▸ MATERIAL PROVIDED:
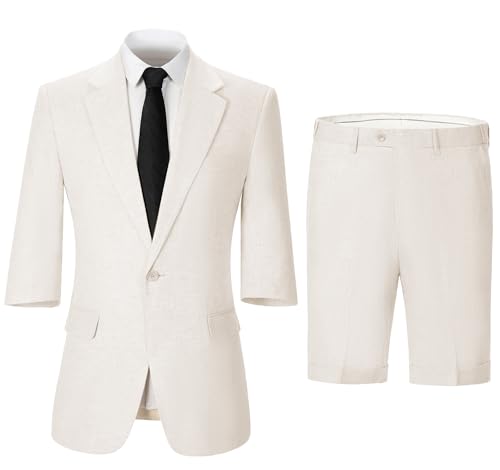 Men's 2 Piece Linen Suits Set Beach Wedding Suits Regular Fit Lightweight Blazer Jacket and Pants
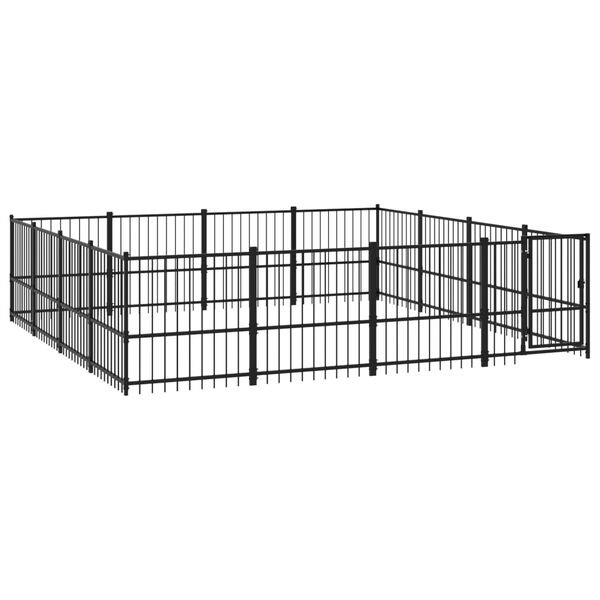 vidaXL Chenil d'ext&eacute;rieur pour chiens Acier 15,05 m&sup2;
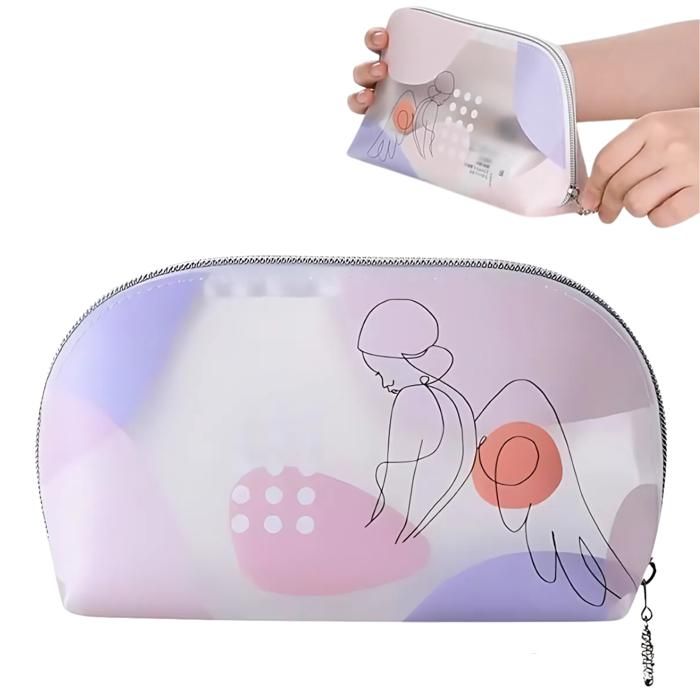 Pochette de voyage moderne et pratique, idéale pour cosmétiques et petits objets./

▸ TASK ITEM: What you give back must match the material above exactly, minus its pictures.

▸ EXERCISE OUTPUT:
 Men's 2 Piece Linen Suits Set Beach Wedding Suits Regular Fit Lightweight Blazer Jacket and Pants
 vidaXL Chenil d'ext&eacute;rieur pour chiens Acier 15,05 m&sup2;
 Pochette de voyage moderne et pratique, idéale pour cosmétiques et petits objets./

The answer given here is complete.